Latest update March 28th, 2025 6:05 AM
Jul 16, 2011 News
– GT&T invokes PUC
Many Cellink customers have been receiving text messages on their mobile phones inviting them to return calls to a number that appears to have been trying to reach the customers.
More often than not the messages would read, “I keep getting a busy signal when I try to call you. Please call me.” When the Cellink customer attempts to call the number he or she is directed to a voice messaging centre.
On Thursday, Chief Executive Officer of Guyana Telephone and Telegraph Company, Yog Mahadeo, said that this is one of the things that are hurting the company.
He said that he has received hundreds of calls from Cellink customers informing the company about the text messages. One striking feature is that all the calls come from Digicel phones.
GT&T has since written to the Public Utilities Commission complaining about this development which he feels is another effort by his competitor to earn revenue.
Digicel Chief Executive Officer, Gregory Dean, said that he was aware of the issue and that GT&T had filed a complaint with the PUC.
He said that the PUC has given Digicel 14 days to respond. He insisted that his company is not involved. To suggest that Digicel is doing this to make money is ludicrous.
But Mr Mahadeo explained that every time a caller completes the call to the number that caller must pay Digicel, the company to which the call is made. Mathematically, this could provide a windfall, he said.
There are some 300,000 Cellink customers and if each day a large number of them receive a text to return a call, and they do, then the payment to Digicel is substantial.

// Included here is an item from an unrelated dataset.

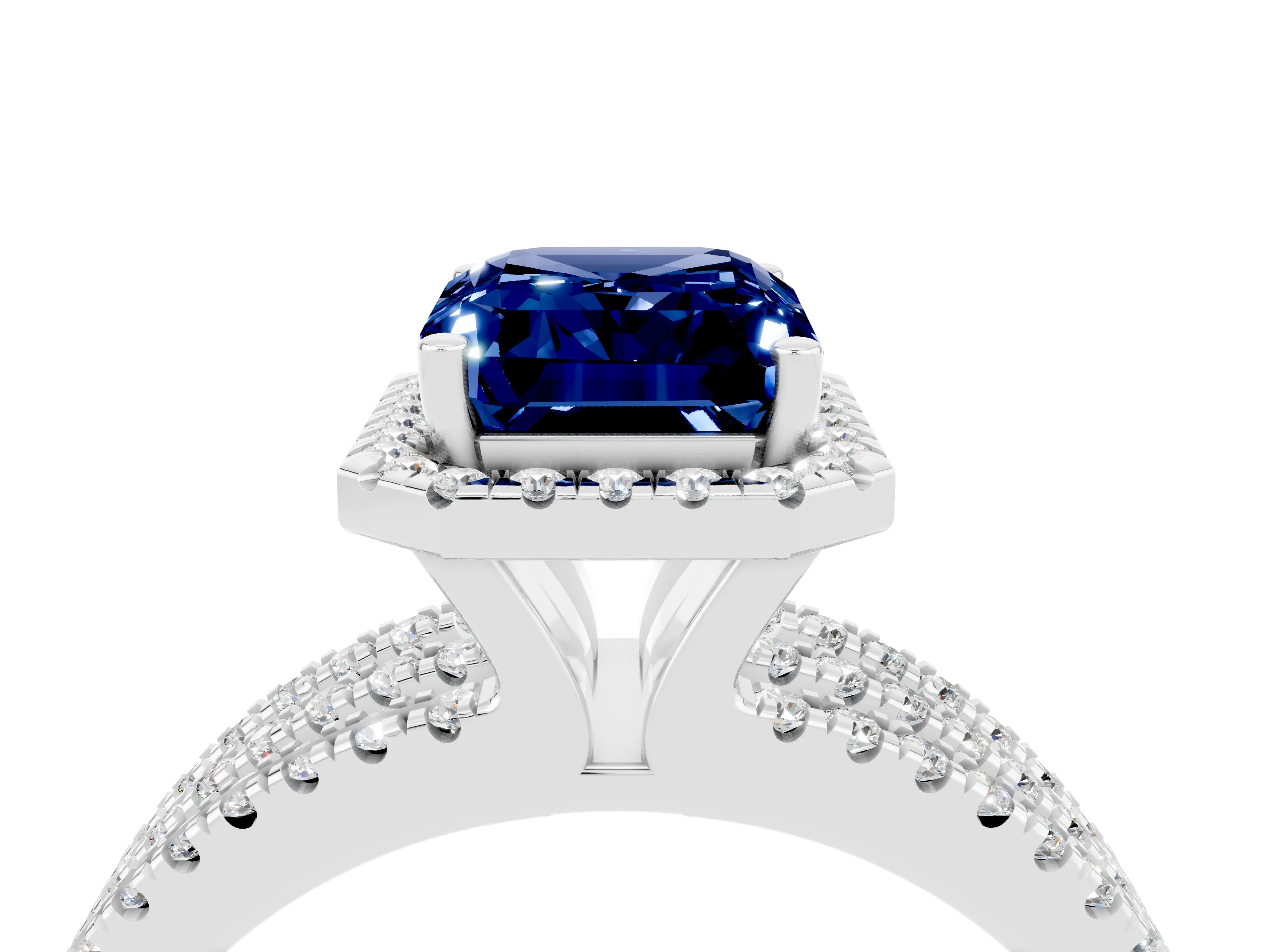 White gold {shape_name} Blue Sapphire Halo Engagement Ring with Split Shank and Four-Prong Setting_4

One thousand recipients of such calls making one call to the Digicel number could contribute $30,000. Some people called repeatedly after they received the text.
But Mr Dean holds the view that these are nuisance text messages and that people who receive the texts should report them to the police. “That is the obvious thing to do.”
One of the people who responded to a text message described the issue as “big time gangstering”. He received the text message from 674-7307.
“This type of skullduggery can run into millions of dollars. It is a deliberate attempt to defraud the people of Guyana,” he said.
There was the woman who believed that the text message had come from an aunt, who was ill. The woman said that she called the number 665-0591 repeatedly and kept getting the voice messaging centre.
Other people got text messages from 684-9667 and they too thought that relatives were trying to reach them.
Mr Mahadeo said that he has advised the Cellink subscribers to send the numbers from which the messages come to his head office. “Please do not be alarmed. We are going to take action.”
The text messages were flowing all day yesterday and there seemed to be no end in sight.